Description
Slow Cooker Chicken Enchilada Casserole with juicy chicken, gooey cheese, and zesty enchilada sauce – the perfect easy and comforting meal!
Ingredients
Scale
- 1½ pounds (680g) boneless, skinless chicken breasts
- 12–15 corn tortillas (6-inch/15cm diameter)
- 2 cups (16oz/475ml) enchilada sauce (red or green)
- 1 can (15oz/425g) black beans, drained and rinsed
- 1 cup (175g) frozen corn kernels
- 1 medium bell pepper, diced (about 1 cup/150g)
- 1 small onion, finely chopped (about ¾ cup/120g)
- 2–3 cloves garlic, minced
- 2½ cups (10oz/280g) shredded Mexican cheese blend, divided
- 1 tablespoon (15ml) olive oil
- 1 tablespoon chili powder
- 1 teaspoon ground cumin
- 1 teaspoon dried oregano
- ½ teaspoon salt
- ¼ teaspoon black pepper
Instructions
- Step 1: Prepare the chicken mixture Begin by combining the chicken breasts, ½ cup enchilada sauce, minced garlic, chili powder, cumin, oregano, salt and pepper in a bowl. Toss until the chicken is evenly coated with the spice mixture. This seasoning step ensures your Slow Cooker Chicken Enchilada Casserole has flavor infused throughout, not just in the sauce layers.

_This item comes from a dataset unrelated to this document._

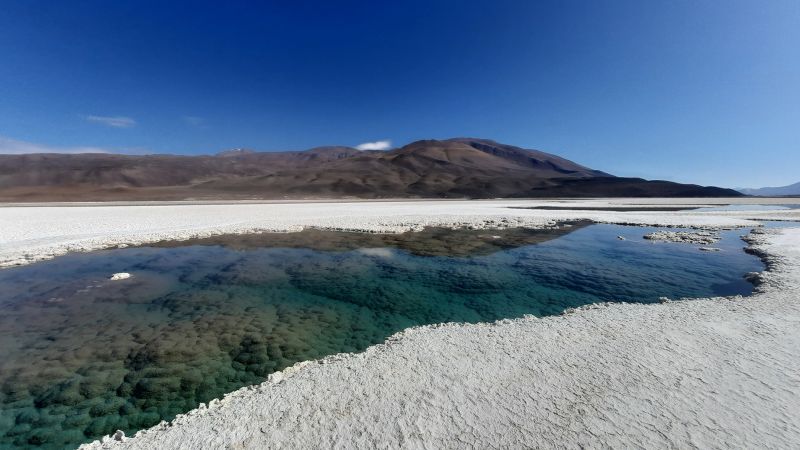 Land of the lost: Hidden lagoon network found with living fossils similar to those from more than 3 billion years ago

- Step 2: Prepare the slow cooker Lightly coat the inside of your 6-quart slow cooker with olive oil or cooking spray. This prevents sticking and makes cleanup easier. Spread ¼ cup of enchilada sauce evenly across the bottom of the slow cooker to create your first layer.
- Step 3: Build your first layer Arrange 4-5 corn tortillas over the sauce, breaking them as needed to cover the bottom of the slow cooker. They should slightly overlap and may need to be torn to fit around the edges. Next, add half of the seasoned chicken mixture, followed by half of the black beans, corn, bell pepper, and onion. Sprinkle with ¾ cup of the shredded cheese and drizzle with ⅓ cup of enchilada sauce.
- Step 4: Create the middle and top layers Repeat the layering process with another layer of tortillas, the remaining chicken, beans, vegetables, ¾ cup cheese, and another ⅓ cup of sauce. For the final layer, add the remaining tortillas, and pour the remaining enchilada sauce over the top, ensuring the tortillas are completely covered to prevent them from drying out.
- Step 5: Cook to perfection Cover and cook your enchilada chicken casserole on LOW for 3-4 hours or on HIGH for 2-2½ hours, until the chicken is tender and reaches an internal temperature of 165°F (74°C). During the last 30 minutes of cooking, sprinkle the remaining 1 cup of cheese on top and replace the lid to allow it to melt perfectly.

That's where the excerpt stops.